> ACTIVITY
Extract, exactly and without pictures, every line from the one that includes "Monogram Compact Lederbrieftasche" through the final line of the material below.

> WORKING DATA
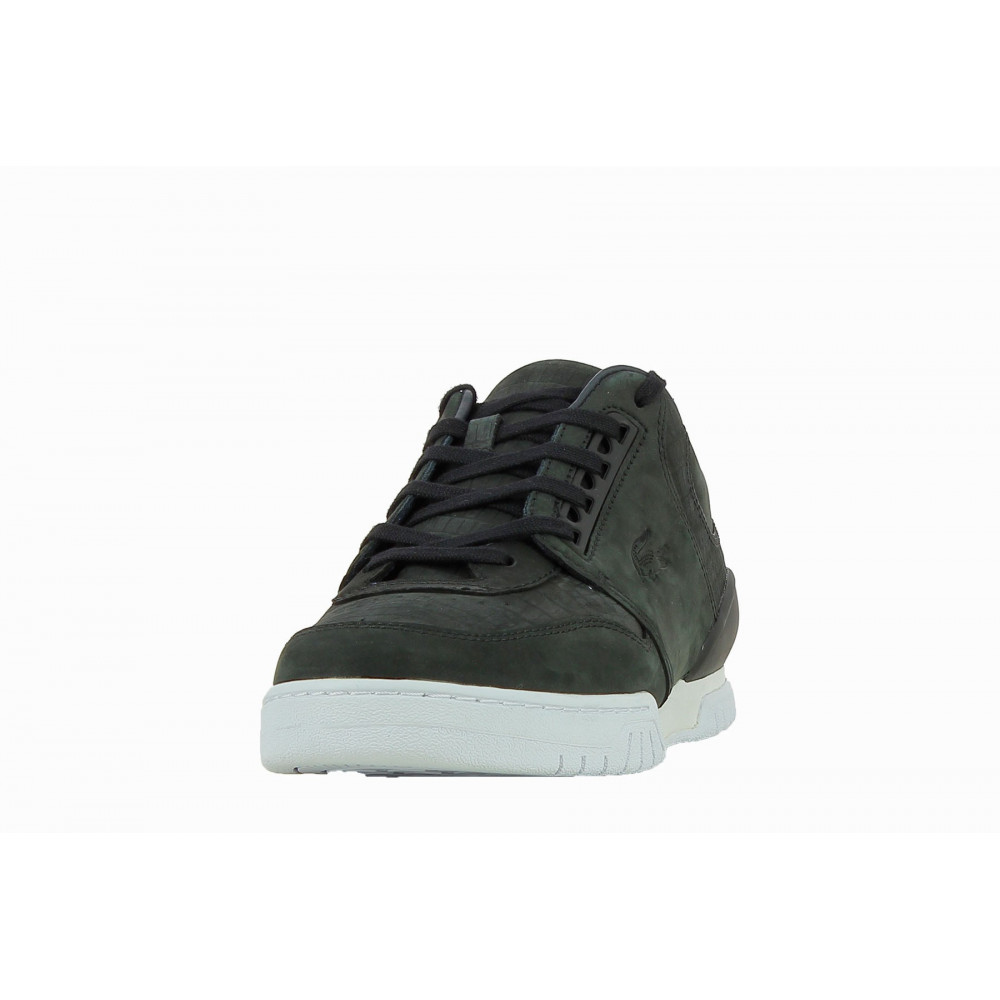 Lacoste Basket Lacoste Indiana 316 - 732TRM0027075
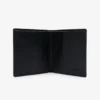 Monogram Compact Lederbrieftasche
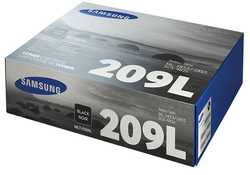 Samsung SCX-4824/MLT-D209L Orjinal Toner - Samsung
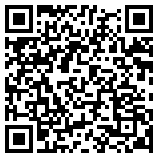 QR Code for J Property Management in East Bridgewater, MA 02333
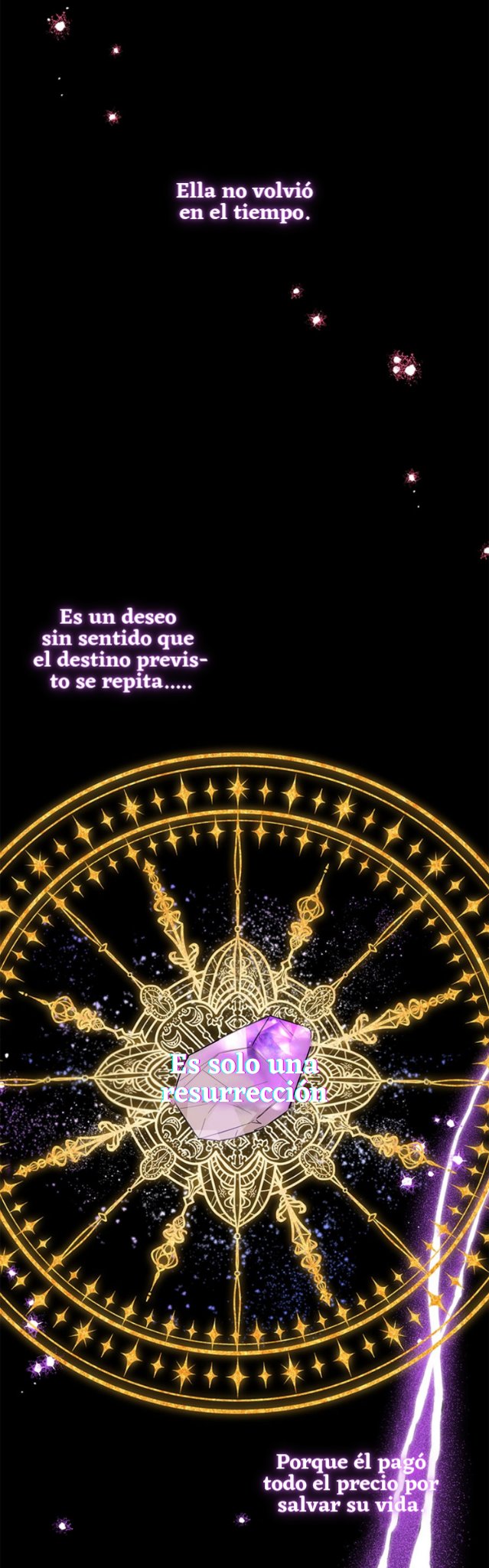 Read Cariño, hoy voy hacer huelga ES Manga Online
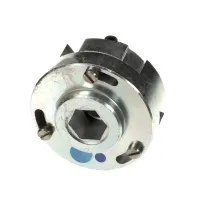 TAFX48939 Taylor Freezers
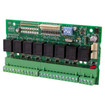 ELK Products ELK-M1XOVR 16 Output Expander Module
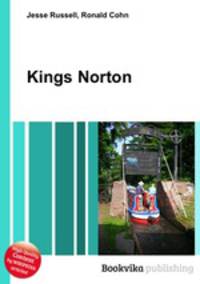 Kings Norton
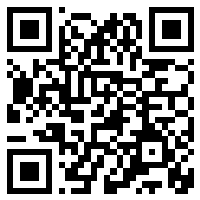 QR Code for XeUT1XUSXcayc8PrDNkNW7pbqahNgYF6wj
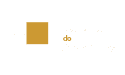 Galeria Marmore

> SOLUTION BELOW
 Monogram Compact Lederbrieftasche
 Samsung SCX-4824/MLT-D209L Orjinal Toner - Samsung
 QR Code for J Property Management in East Bridgewater, MA 02333
 Read Cariño, hoy voy hacer huelga ES Manga Online
 TAFX48939 Taylor Freezers
 ELK Products ELK-M1XOVR 16 Output Expander Module
 Kings Norton
 QR Code for XeUT1XUSXcayc8PrDNkNW7pbqahNgYF6wj
 Galeria Marmore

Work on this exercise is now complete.